Krystkowiak comfortable at Utah

ByCHANTEL JENNINGS
February 28, 2015, 9:12 PM

— -- EUGENE, Ore. -- The first year of coach Larry Krystkowiak's tenure at  Utah was a blur.

"I'm not exactly sure how I did it, honestly," Krystkowiak said.

"That was the longest year of my coaching life," associate head coach Tommy Connor added. "As I think it was for all of us. None of us on the staff had been a part of too many losing teams."

The Utes won just six games in the season. They started 3-9 in nonconference play, with an average losing margin of 22.5 points.

After that stretch, Krystkowiak wasn't sure his team would win a single game the rest of 2011-12 as Utah embarked on its first season in the Pac-12.

It was a bit reminiscent of Krystkowiak's experience with the  Milwaukee Bucks from 2006 to 2008. During his tenure, the Bucks went 31-69. But in the NBA, while those losing streaks might last longer, a team is less likely to suffer through winless streaks of three- or four-plus weeks because of the concentration of games.

That happened twice during Krystkowiak's first season at Utah.

For the most part, his calm demeanor ruled the day as he reminded his guys that no team is ever as bad as it thinks it is, nor as good as it thinks it is (the former is what mostly applied to them).

But he had his moments.

"We had to talk him off the ledge a couple times," Connor said. "We got through it."

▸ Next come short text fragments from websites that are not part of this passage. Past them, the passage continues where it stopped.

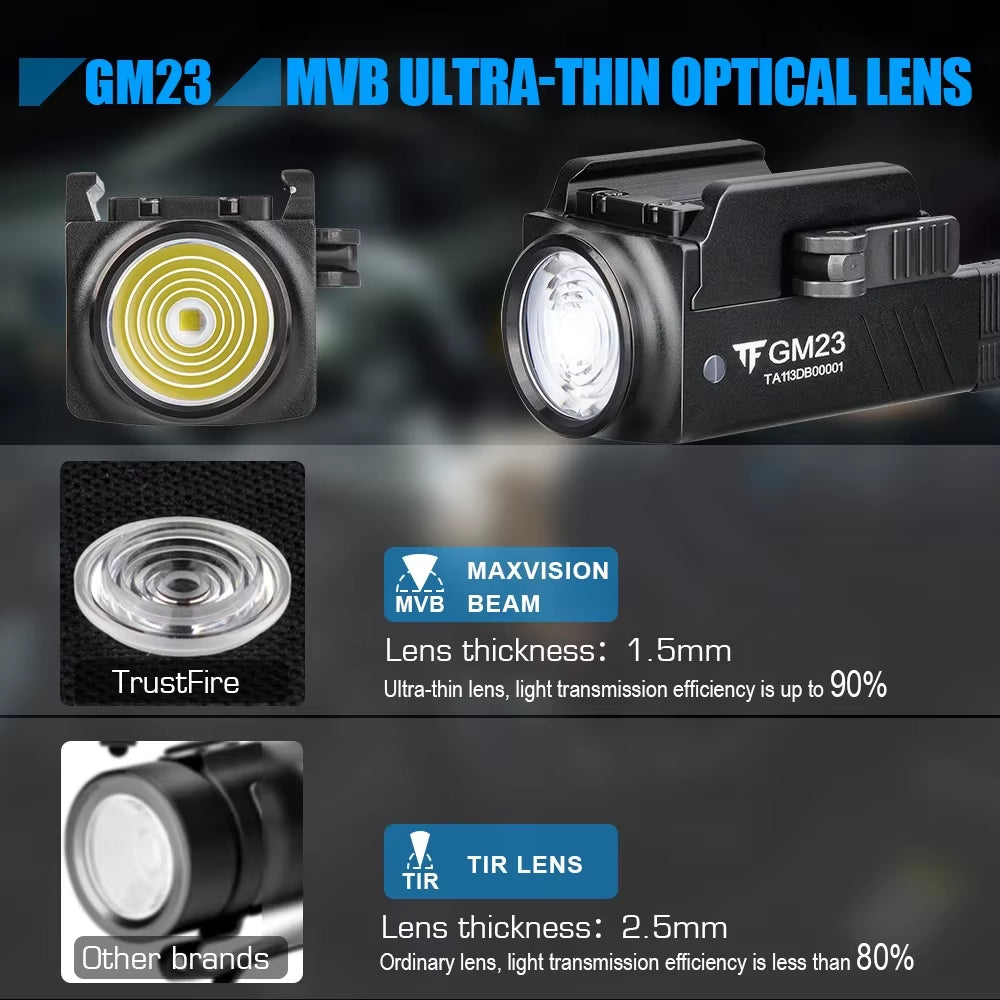 GM23 Tactical Led Flashlight 800LM USB Rechargeable Quick Release Lights for GL & 20Mm Picatinny Rail Tauru TX2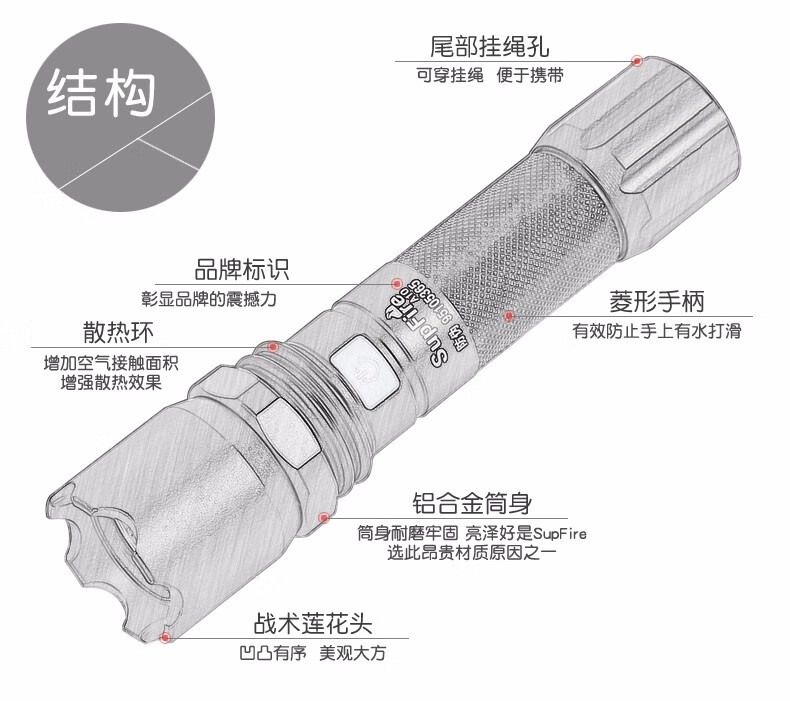 神火（supfire）强光手电筒充电式迷你便携户外骑行应急灯户外照明A10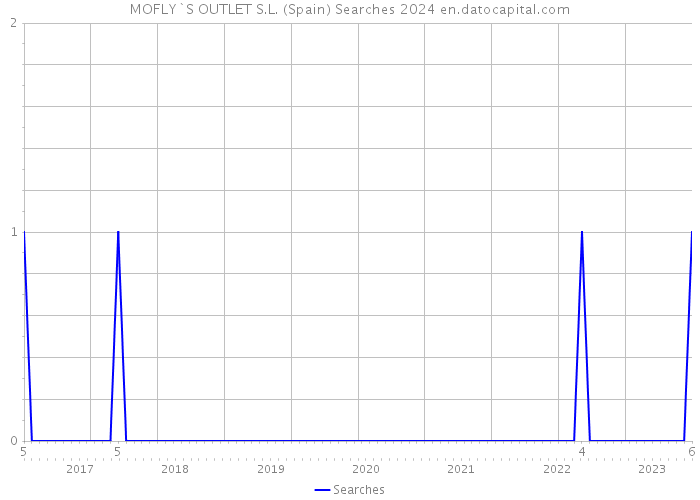 MOFLY`S OUTLET S.L. (Spain) Searches 2024 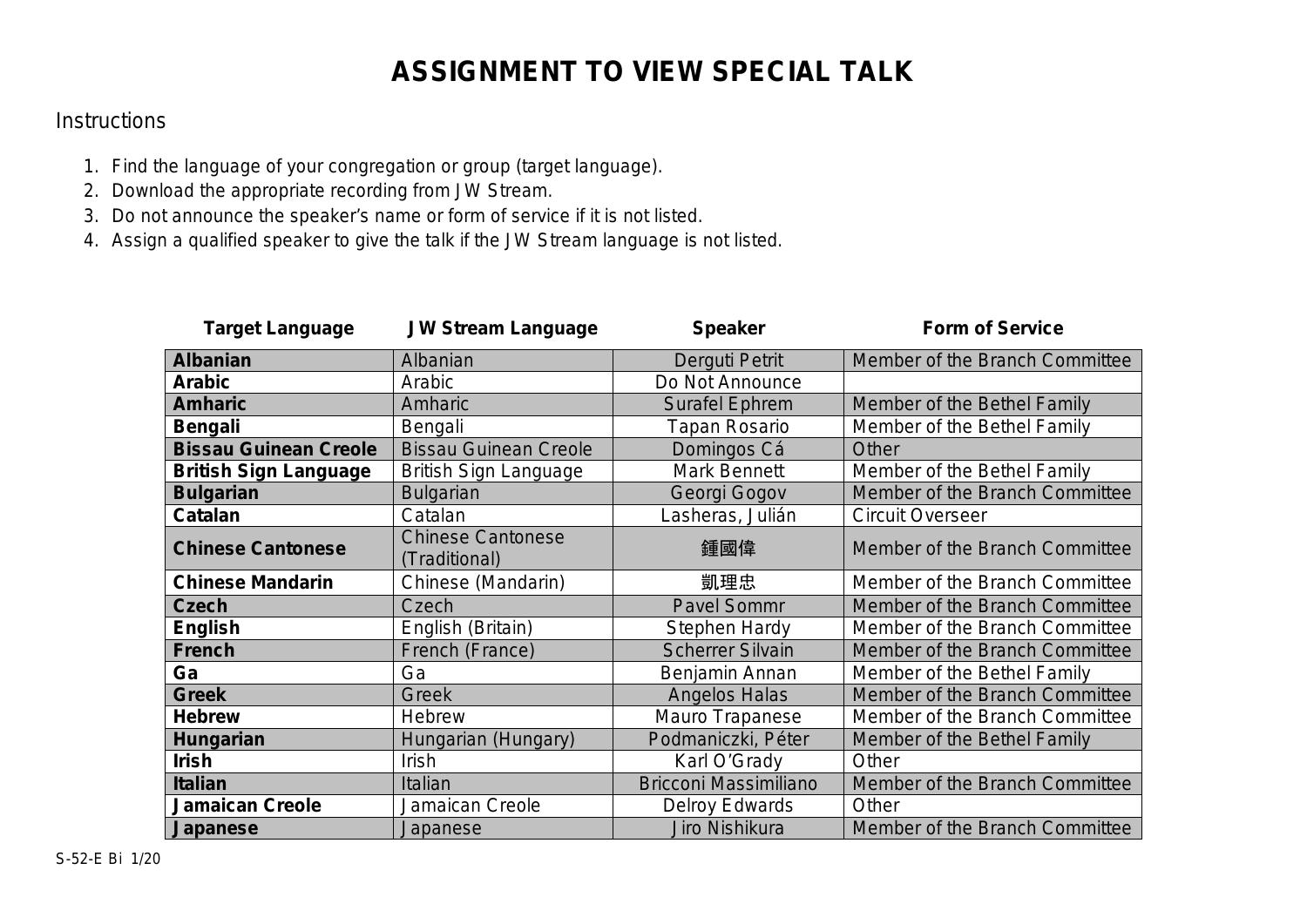 E-S4HCON2022 Download Pdf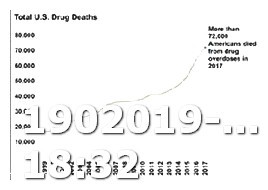 Buy Viagra Generic Cheap Medic Order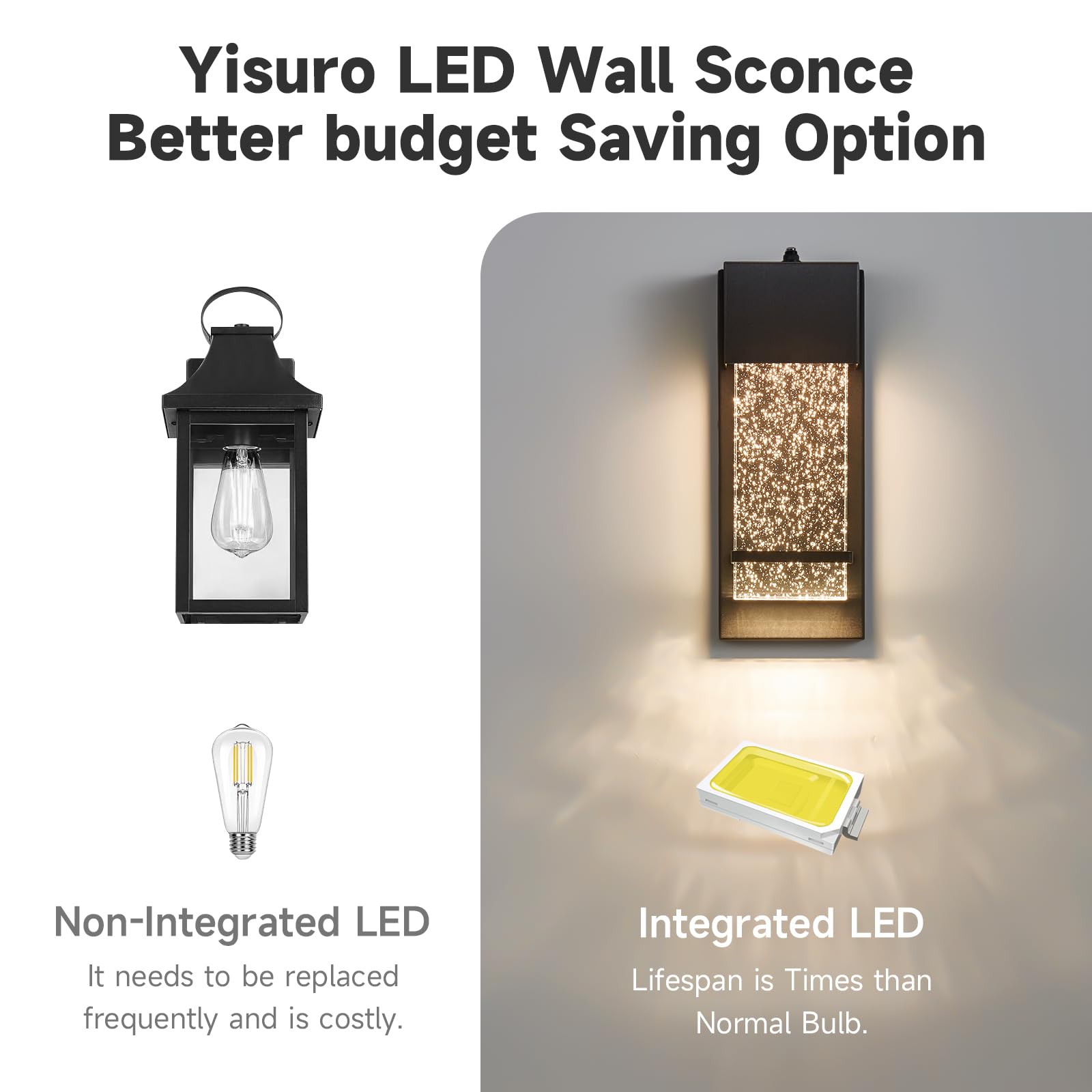 Yisuro Dusk To Dawn Black Wall Sconce With Crystal Bubble Led, Outdoor Lighting Fixture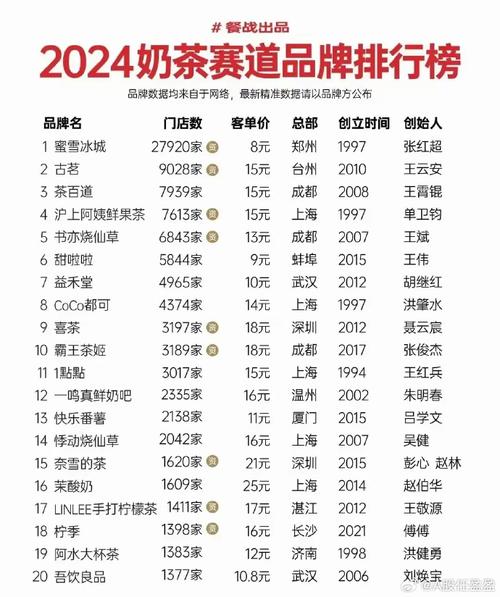 可可奶茶加盟多少钱，可可奶茶店？（今日头条已更新）-第4张图片-汕团网
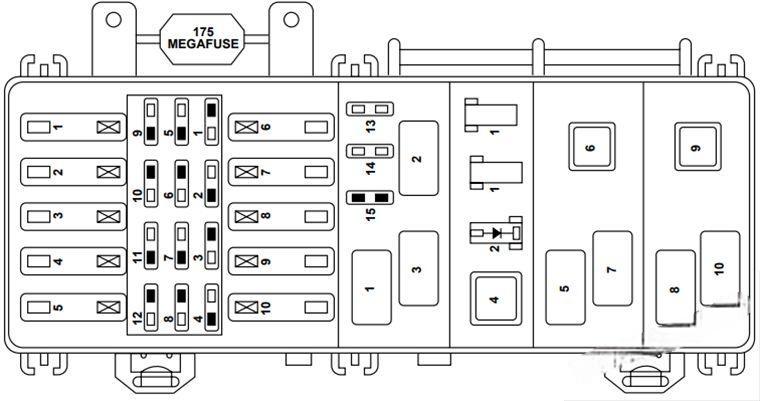 ford explorer 1996 2001 fuse layout 14 2024 12 04 00 57 07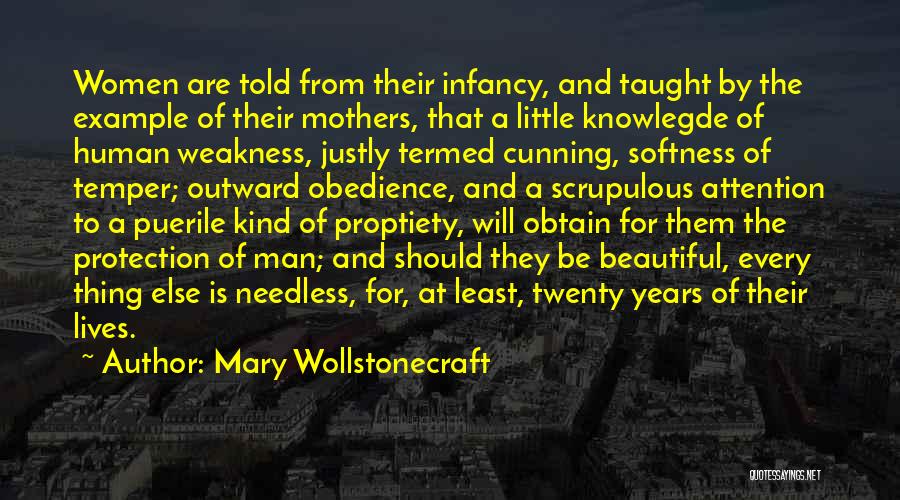 Equality Of Human Quotes By Mary Wollstonecraft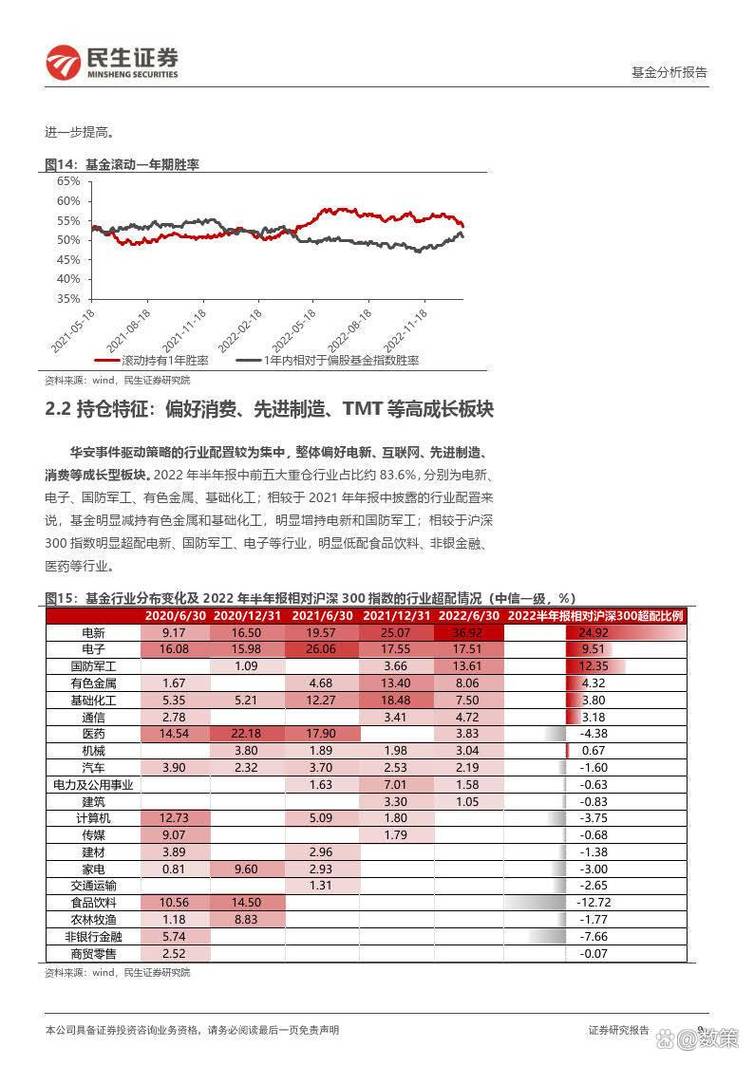 市场反弹预期升温，选指数基金还是指数增强基金？如何增强？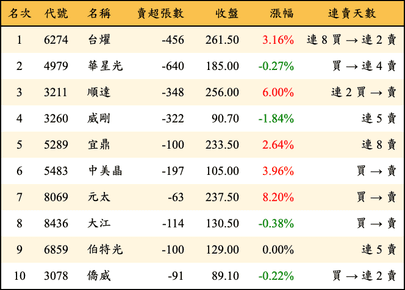 上櫃：投信當日賣超金額排行榜
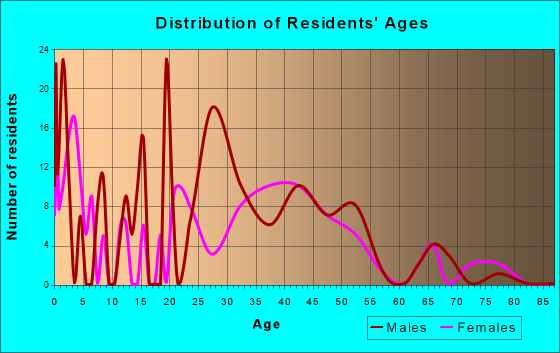 Mountainaire, Arizona Age and Sex of Residents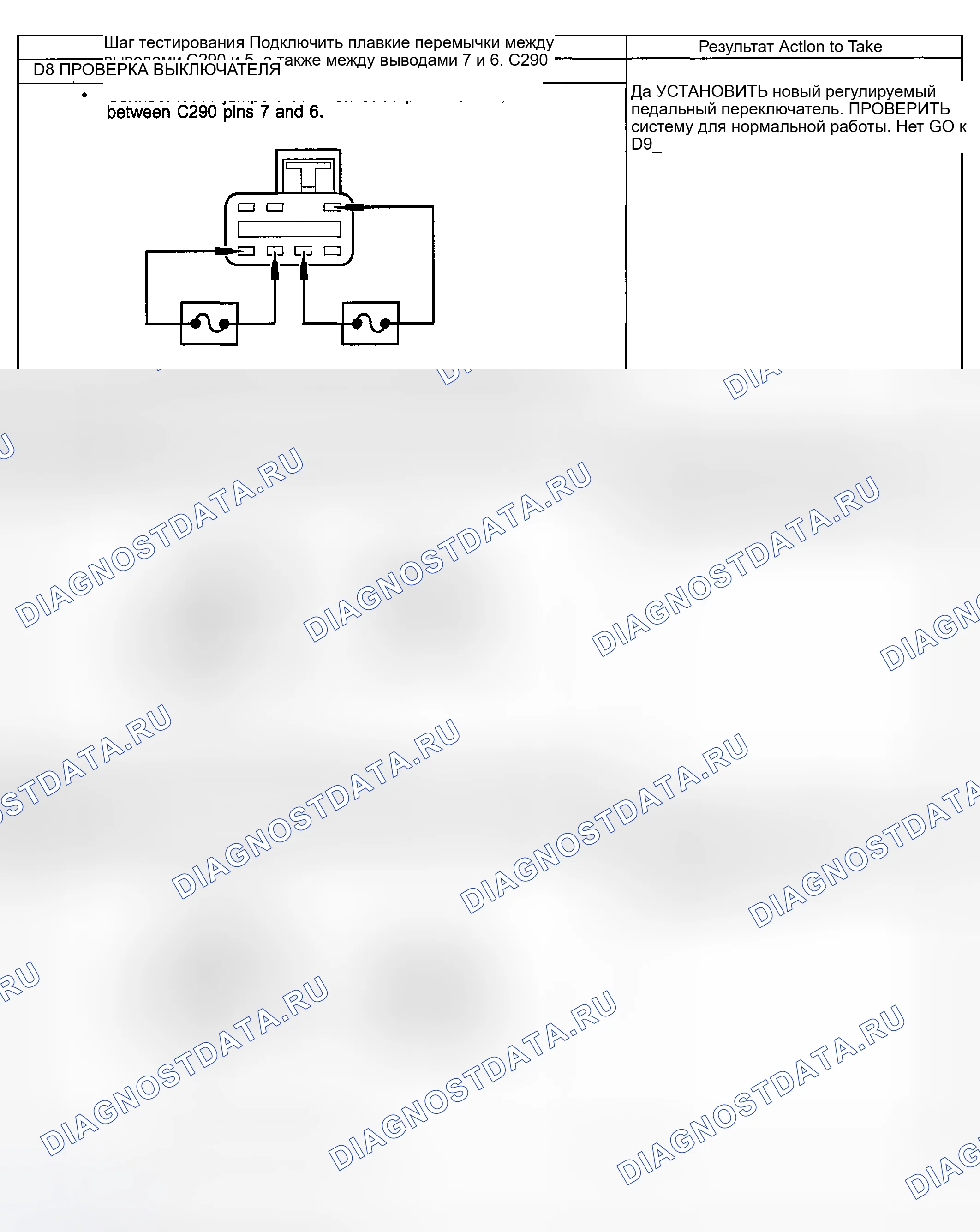 Рис. 201. Ford Pickup F250 Super Duty I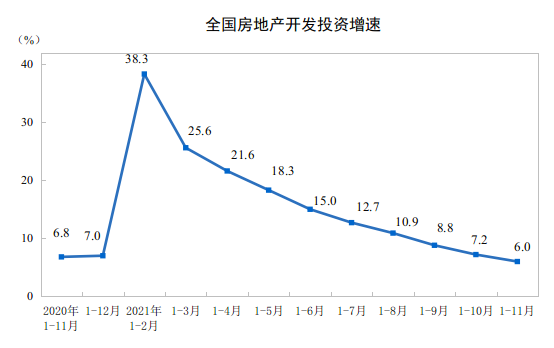 2021ǰ11·خa_l(f)ͶYͬL6.0%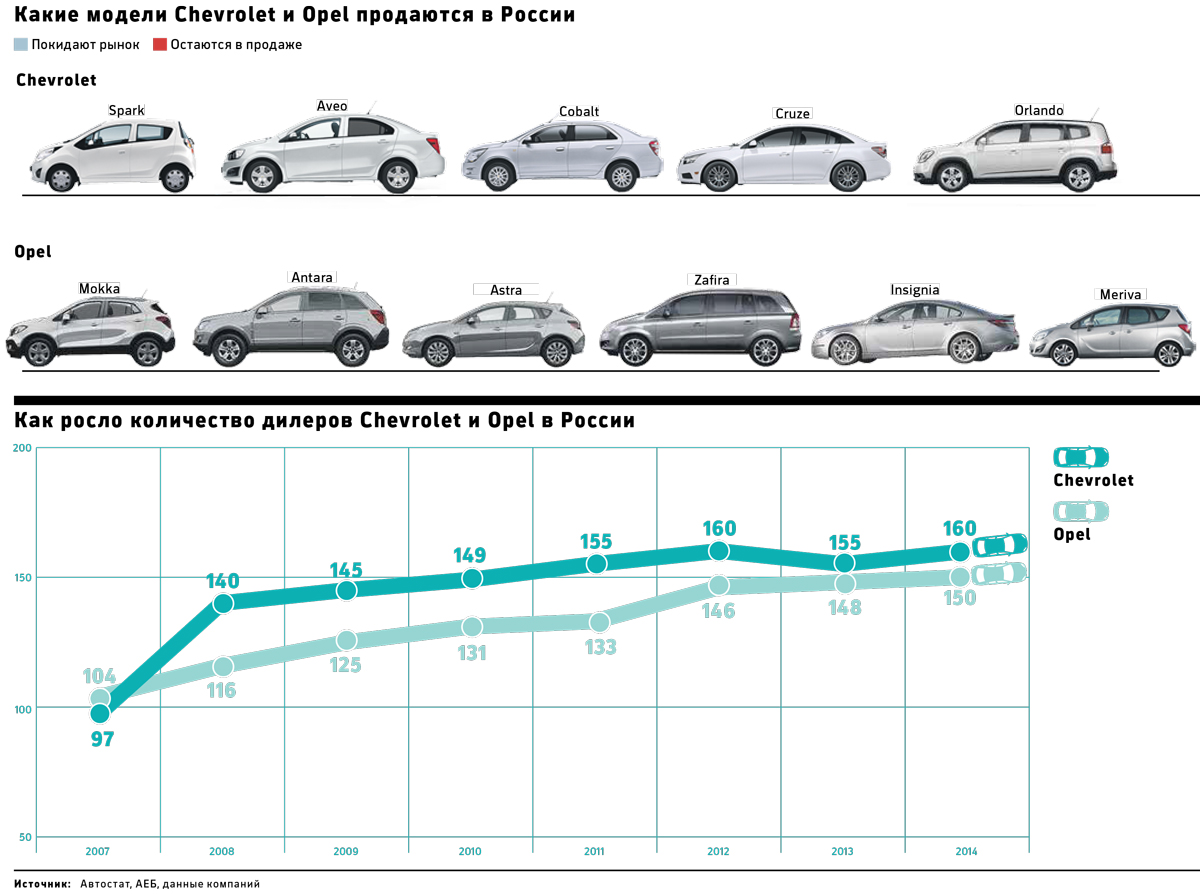 Opel и Chevrolet первыми покинут российский рынок :: Autonews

One that stood out was the Utes' conference opener at  Colorado. On the floor, they got beat by 40; off the floor, some players were having trouble adjusting to the new regime.

But they followed that up with an overtime win at home against Washington State and then managed to scrap together two more conference wins before the season -- mercifully -- ended.

Today, there isn't a single player on his 13th-ranked Utah roster that was a member of that team. And the building process, for those inside of it, doesn't feel all that quick at all.

Krystkowiak will be the first to remind everyone that it has, in fact, been more than 1,000 days since he took the job, and much can be done in 1,000 days if every day's focus is to get a little better than the last.

Plus, 1,000 days truly feels like a lifetime when Krystkowiak realizes it's the longest he has ever spent in one place since he was in college in the 1980s.

For the first time in a long time, he's settling in, and with that, a college basketball team and its fan base have been rejuvenated.

At 50, Krystkowiak is planting roots for, really, the first time in his life.

"It feels good," he said with a pause and a sigh. "It's unusual."

Since Krystkowiak and his wife, Jan, were married 18 years ago, the two have moved -- on average -- once every 15 months. They've lived in 11 different states (including twice in Georgia and thrice in Montana), and all five of their children, with the exception of the twins, were born in different states and three different time zones.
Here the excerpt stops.